US 12,315,517 B2
Method and system for correcting speaker diarization using speaker change detection based on text
Namkyu Jung, Seongnam-si (KR); Geonmin Kim, Seongnam-si (KR); Youngki Kwon, Seongnam-si (KR); Hee Soo Heo, Seongnam-si (KR); Bong-Jin Lee, Seongnam-si (KR); and Chan Kyu Lee, Seongnam-si (KR)
Assigned to NAVER CORPORATION, Seongnam-si (KR); and LINE WORKS CORP., Tokyo (JP)
Filed by NAVER CORPORATION, Seongnam-si (KR); and LINE WORKS CORP., Tokyo (JP)
Filed on Feb. 7, 2022, as Appl. No. 17/665,672.
Claims priority of application No. 10-2021-0017814 (KR), filed on Feb. 8, 2021.
Prior Publication US 2022/0254351 A1, Aug. 11, 2022
Int. Cl. G10L 17/14 (2013.01); G06F 40/284 (2020.01); G10L 15/26 (2006.01); G10L 17/22 (2013.01); G10L 21/028 (2013.01)

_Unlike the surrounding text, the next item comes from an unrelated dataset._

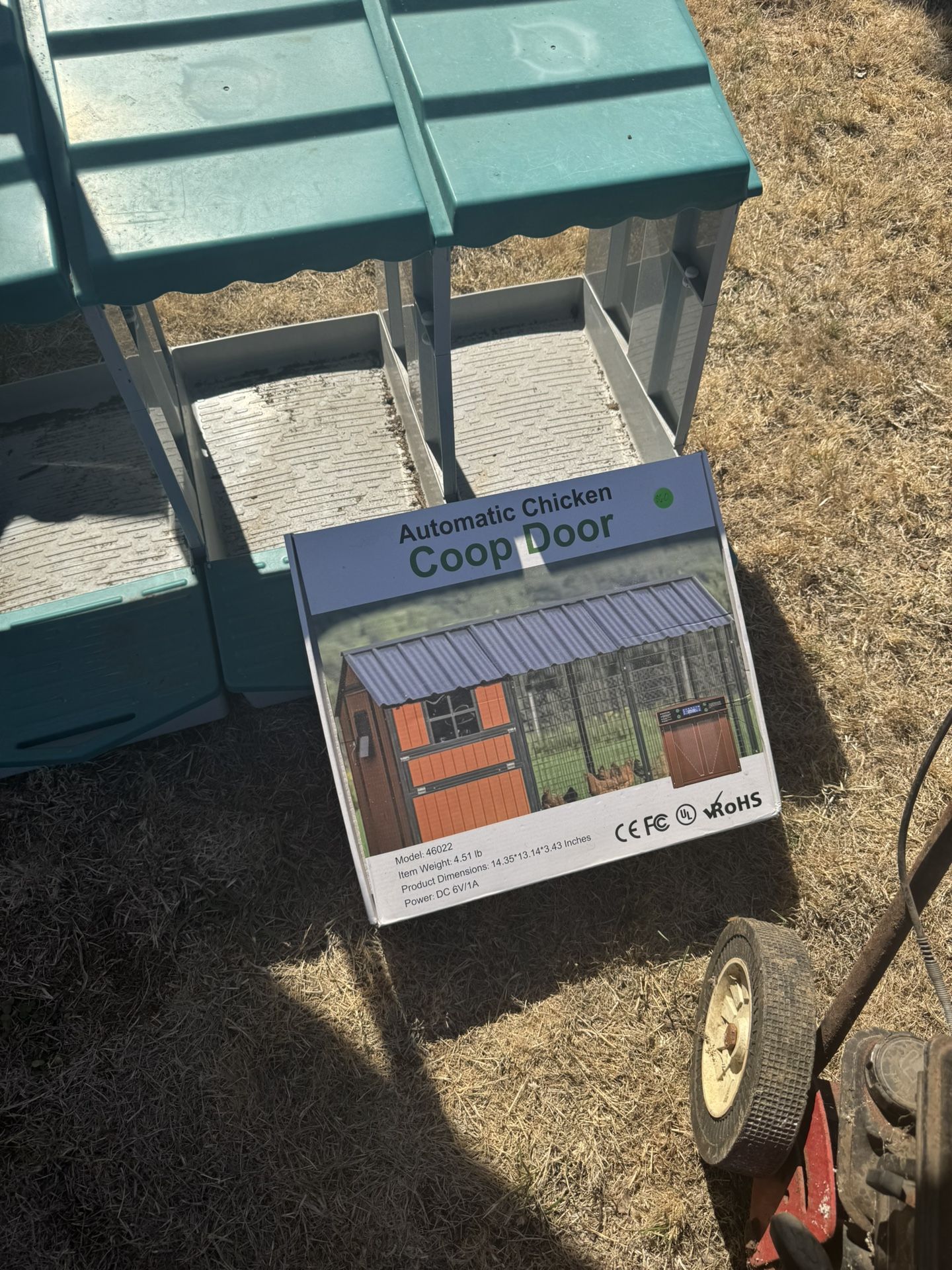 Automatic Chicken Coop Door – Light Sensor & Timer – Easy Install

CPC G10L 17/14 (2013.01) [G10L 17/22 (2013.01); G10L 21/028 (2013.01)] 8 Claims
OG exemplary drawing
 
1. A speaker diarization correction method of a computer apparatus comprising at least one processor, the method, which uses the at least one processor, comprising:
performing speaker diarization on an input audio stream;
recognizing a speech included in the input audio stream and converting the speech to text;
detecting a speaker change based on the converted text; and
correcting the speaker diarization based on the detected speaker change,
wherein the detecting of the speaker change comprises:
receiving a speech recognition result for each utterance section, wherein each utterance section consists of at least one word unit, and further wherein each word unit comprises a single word of text;
encoding text included in the speech recognition result for each utterance section to one or more word units of text, wherein the encoding of the text to the one or more word units of text comprises encoding an EndPoint Detection (EPD) unit text included in the speech recognition result for each utterance section to the one or more word units of text using sentence Bidirectional Encoder Representations from Transformers (sBERT);
encoding each of the word units of text to consider a conversation context; and
determining whether a speaker change compared to a previous word unit of text is present for each word unit of text, individually, in which the conversation context is considered.